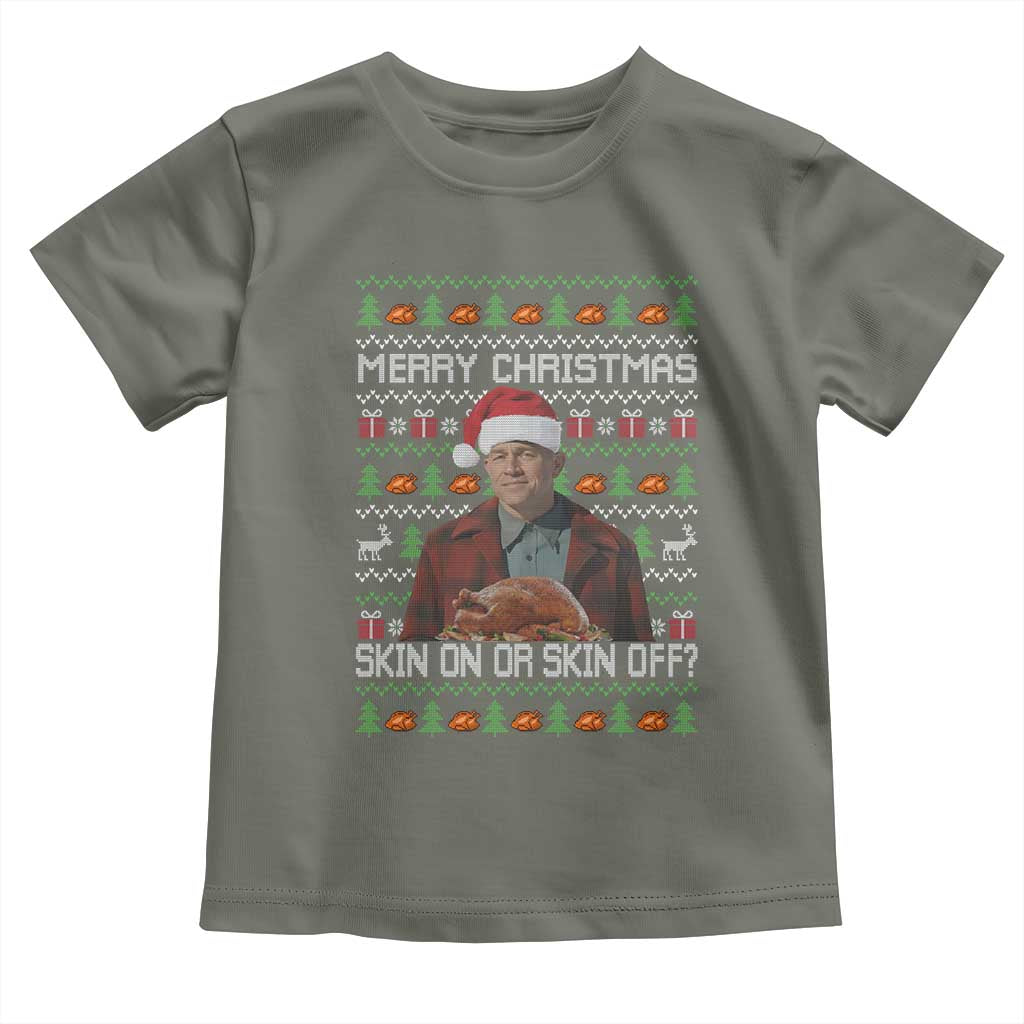 Ed Gein Christmas Toddler T Shirt Funny Merry Christmas Skin On Or Skin Off Turkey TS11 Military Green Print Your Wear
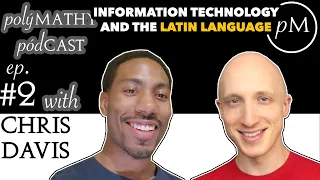 polýMATHY pódCAST #2 with Chris Davis | Conversation with a Polymath who speaks Latin, Spanish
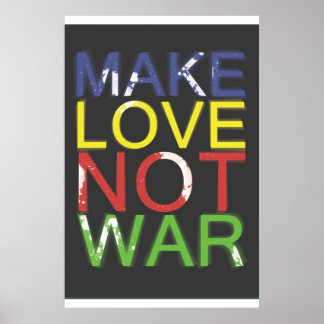 Make Love Not War ポスター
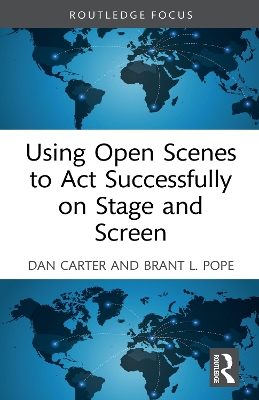 Cover of Using Open Scenes to Act Successfully on Stage and Screen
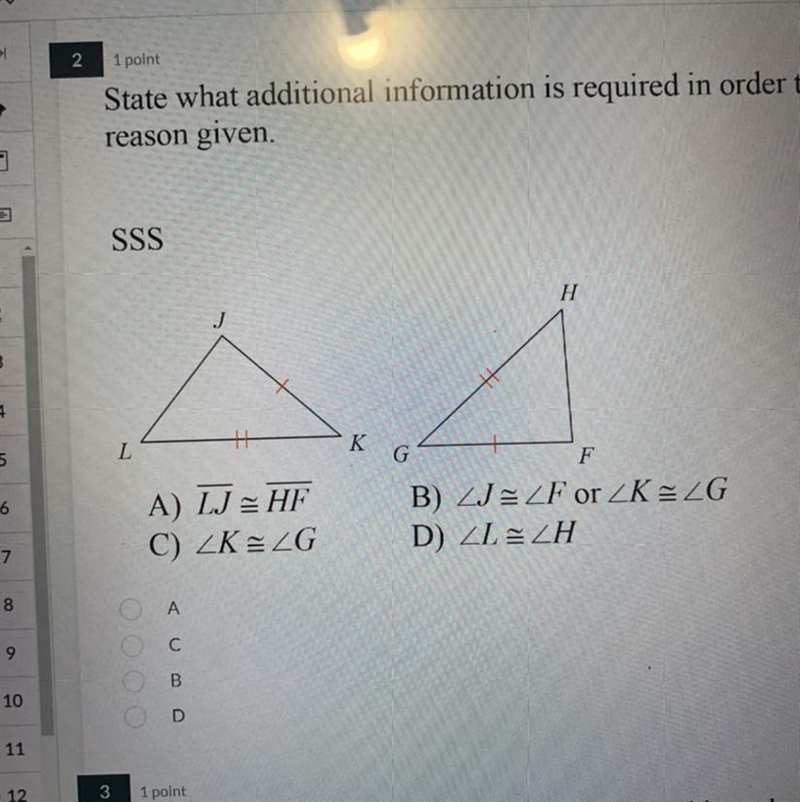 SSS L J ++ A) LJ=HF LK=LG C) K H G F B) LJ LF or D) ZL=LH-example-1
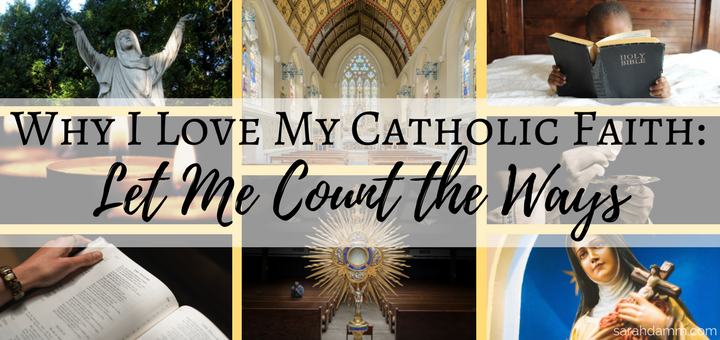 Why I Love My Catholic Faith | sarahdamm.com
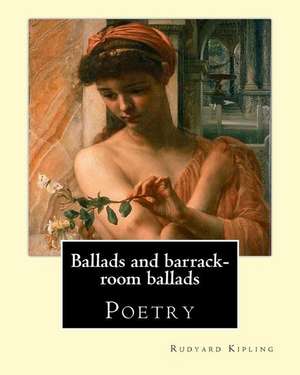 Ballads and Barrack-Room Ballads. by de Rudyard Kipling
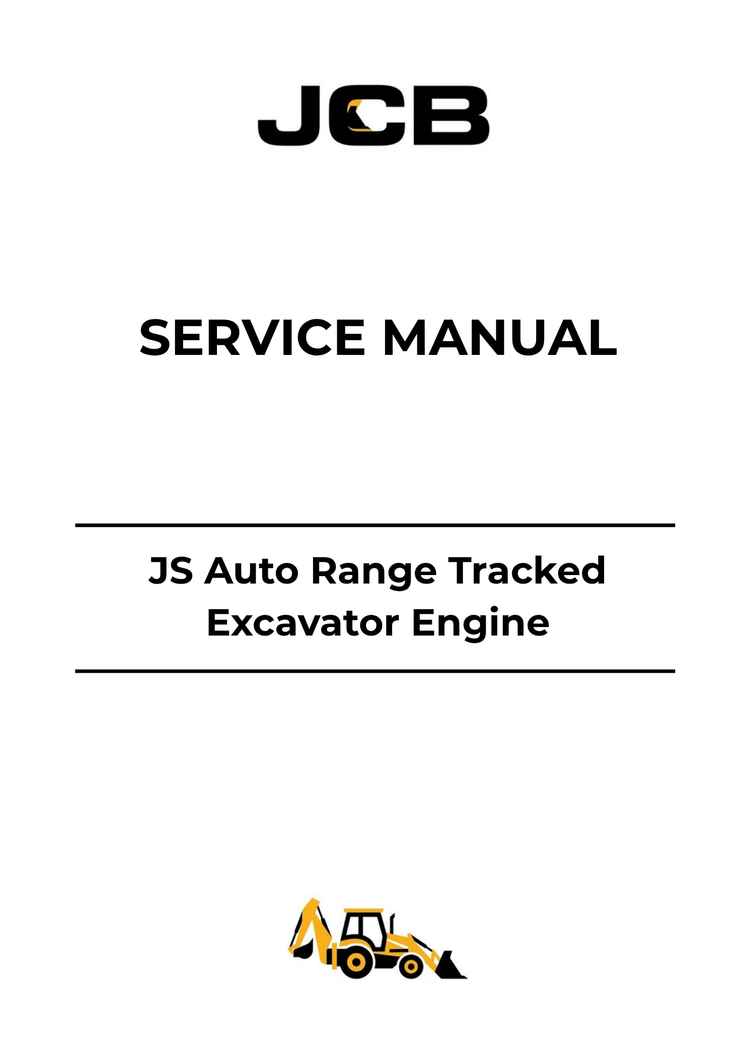 JCB JS Auto Range Tracked Excavator Engine Service Manual 9813-1700 PDF Download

**WORK INSTRUCTIONS**
Please retype exactly the lines from the one containing "Ballads and Barrack-Room" through the last line of the records, both included, leaving out every picture.

**REPLY TO THE EXERCISE**
 Ballads and Barrack-Room Ballads. by de Rudyard Kipling
 JCB JS Auto Range Tracked Excavator Engine Service Manual 9813-1700 PDF Download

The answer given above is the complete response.